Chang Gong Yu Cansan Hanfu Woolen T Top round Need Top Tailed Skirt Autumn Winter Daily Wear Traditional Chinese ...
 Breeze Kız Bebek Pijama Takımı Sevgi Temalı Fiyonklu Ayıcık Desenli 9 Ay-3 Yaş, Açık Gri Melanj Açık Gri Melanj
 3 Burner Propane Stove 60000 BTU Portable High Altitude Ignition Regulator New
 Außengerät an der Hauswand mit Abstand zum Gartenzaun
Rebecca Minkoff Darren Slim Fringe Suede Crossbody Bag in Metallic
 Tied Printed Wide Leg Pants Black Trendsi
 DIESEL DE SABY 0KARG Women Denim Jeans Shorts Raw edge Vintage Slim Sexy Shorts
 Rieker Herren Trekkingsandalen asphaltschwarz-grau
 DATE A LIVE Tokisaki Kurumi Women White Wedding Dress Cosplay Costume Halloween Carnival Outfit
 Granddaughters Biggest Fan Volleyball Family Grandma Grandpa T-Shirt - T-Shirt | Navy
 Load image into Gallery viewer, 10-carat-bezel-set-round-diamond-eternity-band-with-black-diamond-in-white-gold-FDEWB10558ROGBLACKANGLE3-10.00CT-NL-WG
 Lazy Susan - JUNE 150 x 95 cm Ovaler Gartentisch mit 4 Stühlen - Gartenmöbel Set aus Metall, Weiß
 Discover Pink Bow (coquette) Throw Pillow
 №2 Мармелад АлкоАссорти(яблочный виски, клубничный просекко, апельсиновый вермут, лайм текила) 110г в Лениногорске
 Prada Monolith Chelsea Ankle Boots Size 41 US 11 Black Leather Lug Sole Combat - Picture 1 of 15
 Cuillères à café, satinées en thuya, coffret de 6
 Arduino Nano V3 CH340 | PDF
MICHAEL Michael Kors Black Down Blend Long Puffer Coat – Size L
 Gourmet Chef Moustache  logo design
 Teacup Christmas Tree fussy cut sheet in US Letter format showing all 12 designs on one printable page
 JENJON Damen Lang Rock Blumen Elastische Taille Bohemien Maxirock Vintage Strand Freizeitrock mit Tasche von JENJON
——
■ PROBLEM REQUIREMENTS
Within the material above, show every line that includes "Women".

■ EXERCISE ANSWER
 DIESEL DE SABY 0KARG Women Denim Jeans Shorts Raw edge Vintage Slim Sexy Shorts
 DATE A LIVE Tokisaki Kurumi Women White Wedding Dress Cosplay Costume Halloween Carnival Outfit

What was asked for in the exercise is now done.